Entscheidungen im „Erkenntnisvakuum“? BVerfG zu Windanlagen und Rotmilanen
Eigentlich müssen Juristen, Richter zumal, es ja schon von Berufs wegen besser wissen. Wenn jemand durch die öffentliche Gewalt in seinen Rechten verletzt wird, heißt es im Grundgesetz in Art. 19 Abs. 4, steht ihm der Rechtsweg offen. Das damit garantierte Gebot des effektiven Rechtsschutzes verlangt an sich die vollständige gerichtliche Überprüfung von Verwaltungsakten in rechtlicher und tatsächlicher Hinsicht. Allerdings hat die Rechtsprechung für bestimmte Bereiche der Verwaltung seit langem Beurteilungsspielräume angenommen. Mit anderen Worten: hier darf die Verwaltung das letzte Wort behalten, und dies nicht nur bei gesetzlich ausdrücklich eingeräumten Ermessensentscheidungen, sondern auch bei der Auslegung unbestimmter Rechtbegriffe. Dies gilt beispielsweise für Prognose- und Risikoentscheidungen oder bei den Entscheidungen von Prüfungs- und Sachverständigengremien.

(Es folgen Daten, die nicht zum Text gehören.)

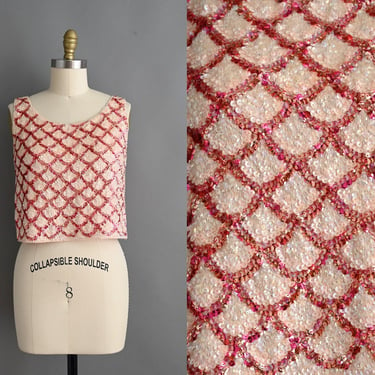 vintage 1960s blouse | Knit Sparkly Pink Sequin Blouse | medium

Seit einiger Zeit wird vor den Gerichten und in der Rechtslehre auch von der sogenannten „naturschutzfachlichen Einschätzungsprärogative“ gesprochen. Entwickelt wurde diese Figur in den letzten 10 Jahren durch Entscheidungen des Bundesverwaltungsgerichts vor allem im Bereich des naturschutzrechtlichen Tötungsverbotes und des Gebietsschutzes. Hintergrund ist unter anderem die Ausweitung des Tötungsverbots von der vorsätzlichen Tötung auch auf ansonsten rechtmäßige Handlungen, in deren Folge Tiere zu Tode kommen können. Hier sind oft sehr voraussetzungsreiche, auf Wahrscheinlichkeitsurteilen beruhende fachwissenschaftliche Prognosen erforderlich. Auch diese naturschutzbezogenen Entscheidungen der Verwaltung werden von den Gerichten seither oft nicht mehr detailliert überprüft. Oft handelt es sich um Vorhabengenehmigungen und häufig um Windkraftanlagen.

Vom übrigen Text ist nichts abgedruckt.